Seule la docilité vous sauvera, et ce, jusqu’à la fin, quand, ayant épuisé les seuls traitements que les « bonnes pratiques » vous réservent, il ne vous restera comme ultime recours à la seule bienveillance de l’EBM. Votre problème est notre problème mais si cela persiste, c’est que le problème c’est vous. Surtout ne vous suicidez pas ! Si vous n’allez pas mieux, si vous n’avez plus de perspectives, nous avons la solution que vous méritez : vite et au à moindre frais. Encore un effort pour être responsable. Pensez aux retards que vous risquez sinon d’occasionner aux conducteurs de trains qui se sont levés tôt…

Cynique ? - Peut-être, mais surtout propre ! L’harmonisation de la santé mentale #nettoyage n’est pas censée s’étendre jusqu’aux restes humains qui s’éparpillent sur les rails. Imaginez-vous ce que vont nous coûter les psychothérapies des cheminots !

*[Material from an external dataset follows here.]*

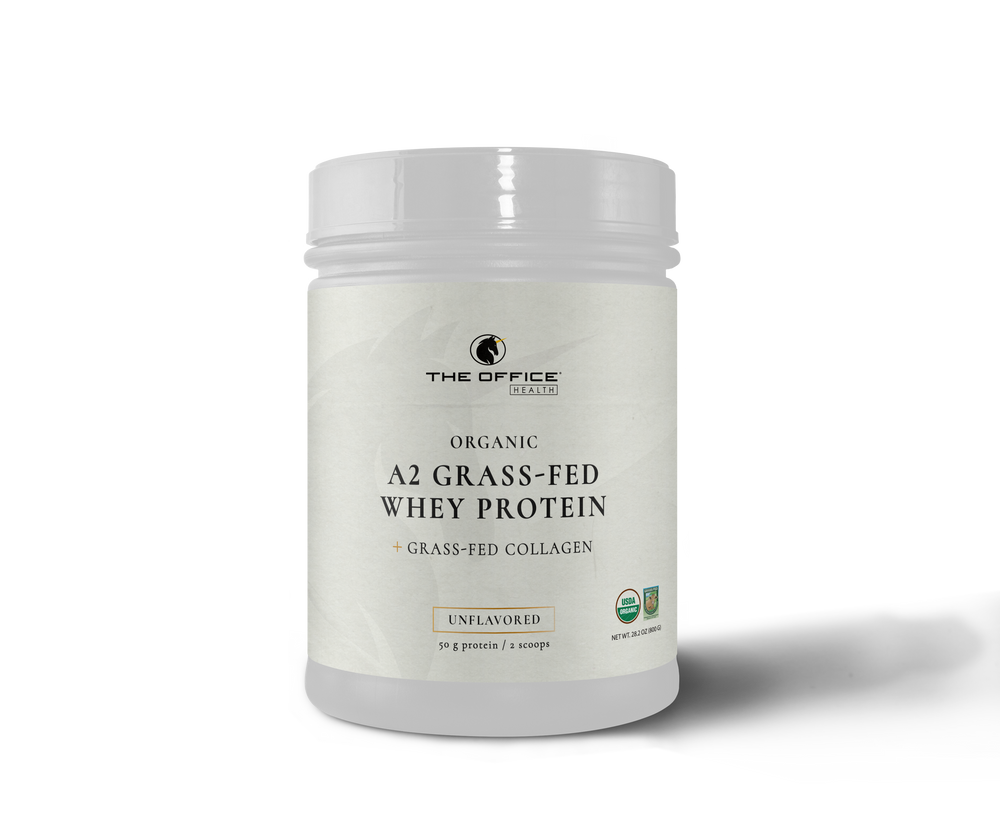 
                  
                    Limited Edition Holiday Protein Trio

Mise à part cette remise sur les rails, quelle santé mentale harmonieuse nous propose ce management ? Faisons un retour au témoignage de cette patiente qui, pour faire son deuil, a choisi la parole. La mise à mort de son mari devait se faire à l’insu de sa famille, selon les vœux du demandeur bien établis par les prestataires. Il avait un enfant mineur, et il fallait donc en avertir la famille. Chose faite, avant la mort du papa. « Comme si nous étions une case à cocher, dira-t-elle : « Enfants mineurs : oui » ». Mais après, quel debriefing par les psychologues du service ? « Ils nous ont dit qu’ils ont suivi le protocole. C’est tout. » Des bosseurs efficaces qui ne pensent, ni ne calculent, ni ne jugent.

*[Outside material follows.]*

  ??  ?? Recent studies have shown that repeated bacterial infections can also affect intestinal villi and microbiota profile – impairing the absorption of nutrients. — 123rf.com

La Ministre ne le dira jamais, mais la docilité nuit gravement à la santé, la vôtre et celle de votre entourage. La docilité tue.

Rendez-vous donc au premier Meeting de COPEL-COBES, pour faire entendre notre cri dissident dans cette harmonie d’obéissance veule et craintive. Nous refusons cette responsabilisation-là. Notre choix de ne pas nous soumettre à l’injonction : « marche ou crève » fait déjà suffisamment preuve de responsabilité puisque de cette machine de gestion managériale, on ne se libère pas par le travail. On y meurt.